Want to Know How VCs Calculate Valuation Differently from Founders? - rpledge
http://www.bothsidesofthetable.com/2010/07/22/want-to-know-how-vcs-calculate-valuation-differently-from-founders/

======
rmah
I just watched (well, really mostly listened to) the video embedded in the
article and I highly recommend it.

I was involved in VC negotiations during the bubble and was a bit confused
about some of the stuff beyond the basics. Luckily, we had good lawyers and my
partners were fairly well versed in finance.

I've also noticed that many people have are confused about how the corporate
governence works. They also talk a little about how the board of directors
work and how it interacts with investor rights.

Finally, if you're not comfortable with finance, you might need to watch it a
few times before you fully understand what they're talking about, but it's
well worth it.

------
bosch
This was an awesome post and very informative. I especially liked how he
explained that the share pool would come out of the founders pool. That's
something important to keep in mind as that's a huge amount of equity!
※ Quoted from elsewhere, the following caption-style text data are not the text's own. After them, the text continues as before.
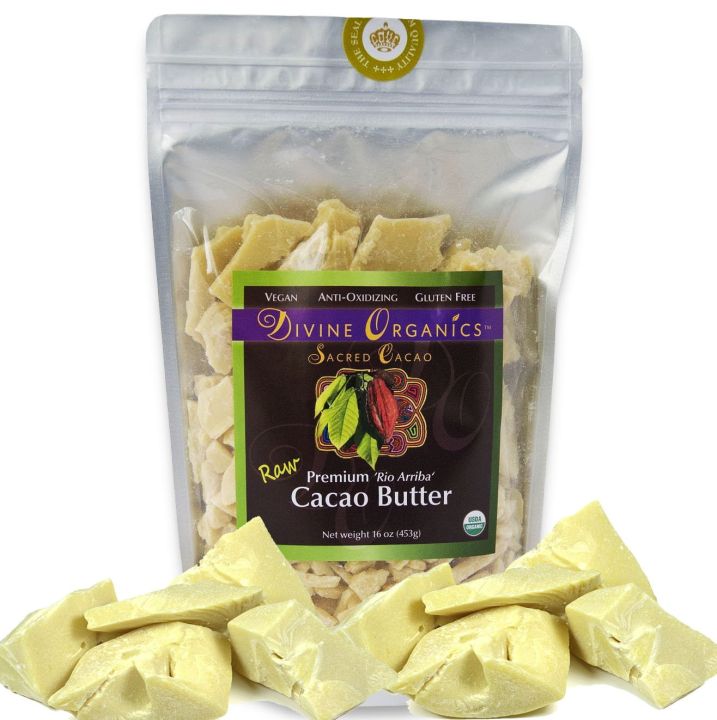 Divine Organics Raw Cacao Butter/Cocoa Butter - Certified Organic - Food Grade - Edible - Fragrant, Natural Skin Moisturizer (16 oz)
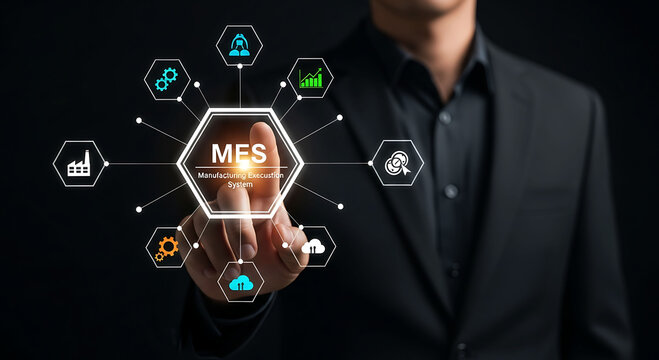 Manufacturing Execution System MES concept with businessman pointing digital icons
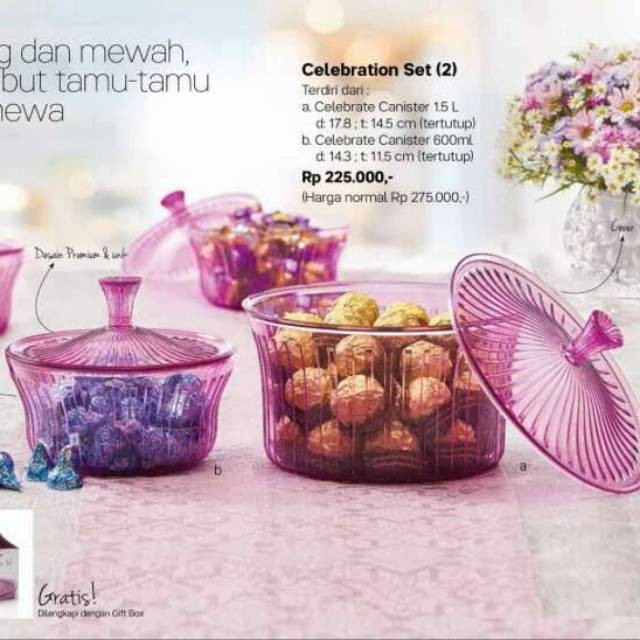Tupperware Celebration Set Toples warna ungu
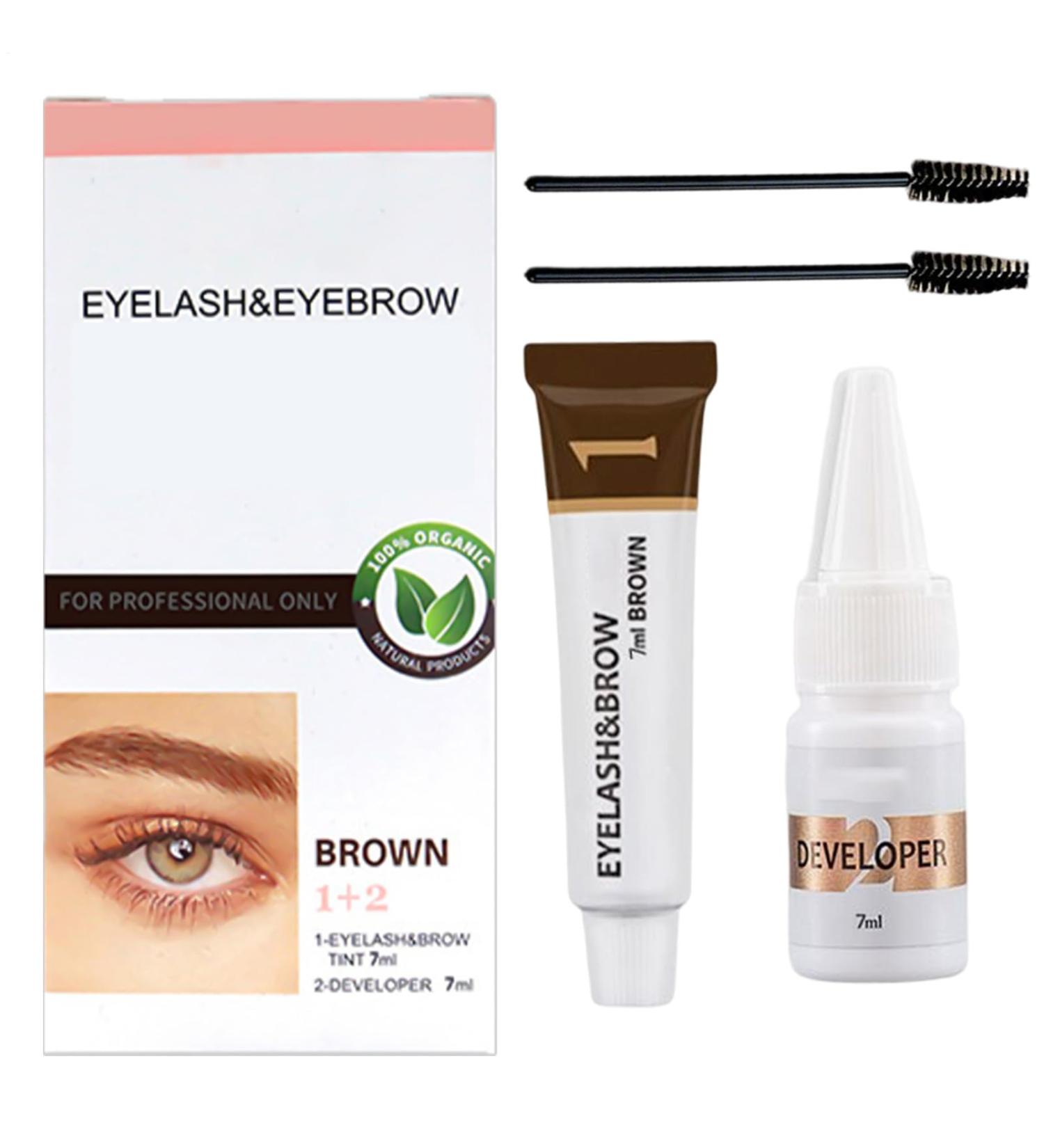 Eyebrow Dye Kit Quick Drying Waterproof Eyebrow Dye Semi-permanent Lash Tinting Quick Dry Waterproof Long-lasting Tint For Natural Eyelash Fast And Safe Results - Buy Online on GoSupps.com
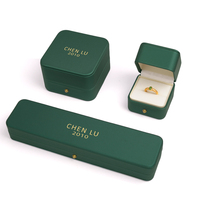 Ensemble de boîtes à bijoux en cuir PU vert émeraude de luxe CHEN LU - Étuis de rangement pour bagues, colliers et bracelets avec doublure en velours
Sometimes I wonder if Mark knows that he could be getting much better deals if
he didn't tell us all these things?

------
Tichy
Why video? Isn't this the kind of information you would like to refer to
frequently, which is hard to do in video format?

------
kwyjibo
Well if you have raised 6 millions and you sell the company for 10 million,
and still manage to get 1.6 million, then I think you made a very good deal.

------
togasystems
As a young entrepreneur starting out, this video explained a number of terms
(pun intended) that I had no idea about before.

Thanks Mark Suster!